Nell’area primitiva di quest’ultimo cimitero, infatti, proprio accanto alla cripta dei Papi del III secolo, l’archeologo romano Giovanni Battista de Rossi, rinvenne un grande cubicolo, che, secondo la tradizione, doveva ospitare la prima sepoltura della martire romana. Il grande ambiente, modificato a più riprese, conserva ancora alcune decorazioni ad affresco, che interessano specialmente il monumentale lucernario, dove si riconosce un ampio santorale relativo ai culti del comprensorio callistiano e di quello contiguo della memoria apostolorum, tra i quali quelli relativi a Quirino, Sebastiano, Policamo e Ottato di Vescera. Mentre questi affreschi rimontano alla fine del V secolo o agli esordi del seguente, altri dipinti, che raffigurano Papa Urbano, la stessa Cecilia orante e il Cristo pantocrator, interessano l’età bizantina e quella medievale.
La memoria di Cecilia nelle catacombe di San Callisto è testimoniata dagli Itinerari del VII secolo, anche se la più antica menzione del culto è riportata nel Martirologio Geronimiano del V secolo, mentre nessun cenno compare nella Depositio martyrum, il documento risalente al IV secolo e degno della massima attenzione, in quanto ad attendibilità.
La questione agiografica relativa a santa Cecilia - come sottolineava negli anni Trenta del secolo scorso Hippolyte Delehaye - può essere considerata uno dei soggetti plus embrouillé dans toute l’hagiographie romaine, in quanto basata su una passio leggendaria, piuttosto tarda, priva di coordinate storiche affidabili e amplificata dall’affabulazione popolare.
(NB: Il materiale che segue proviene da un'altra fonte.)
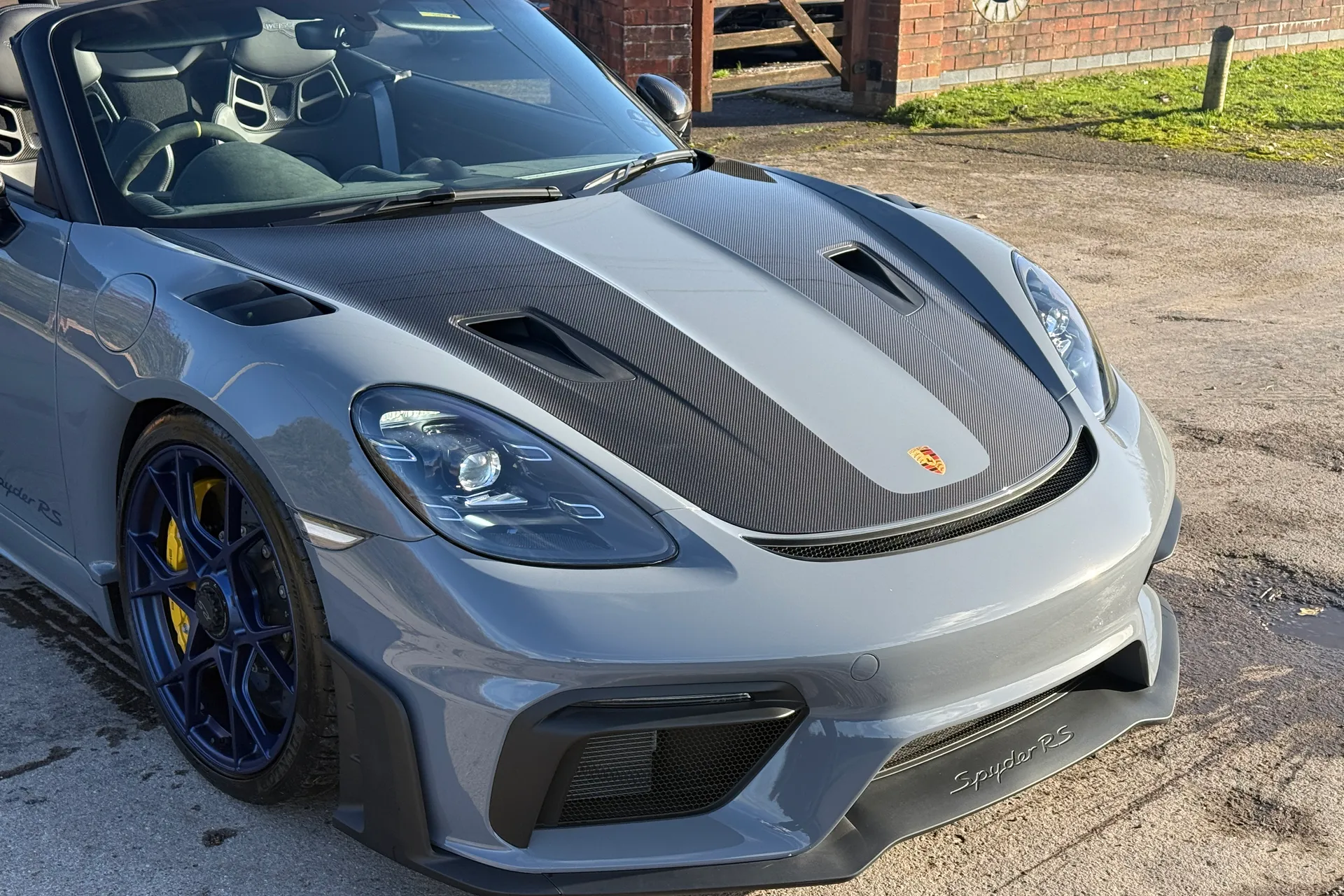 Porsche 718 thumbnail image number 46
Ma gli scavi del de Rossi, il rinvenimento della cripta nel complesso di San Callisto, la fortuna iconografica già nell’affresco bizantino dell’ambiente catacombale, ma anche nei mosaici ravennati, ci assicurano che il culto per la giovane martire romana nacque piuttosto precocemente, lasciando intravedere una attendibilità storica della figura, delle gesta e della tragica fine della fanciulla cristiana, ormai difficilmente giudicabile, in quanto avvolta dalla leggenda e dalla affabulazione commossa della devozione popolare.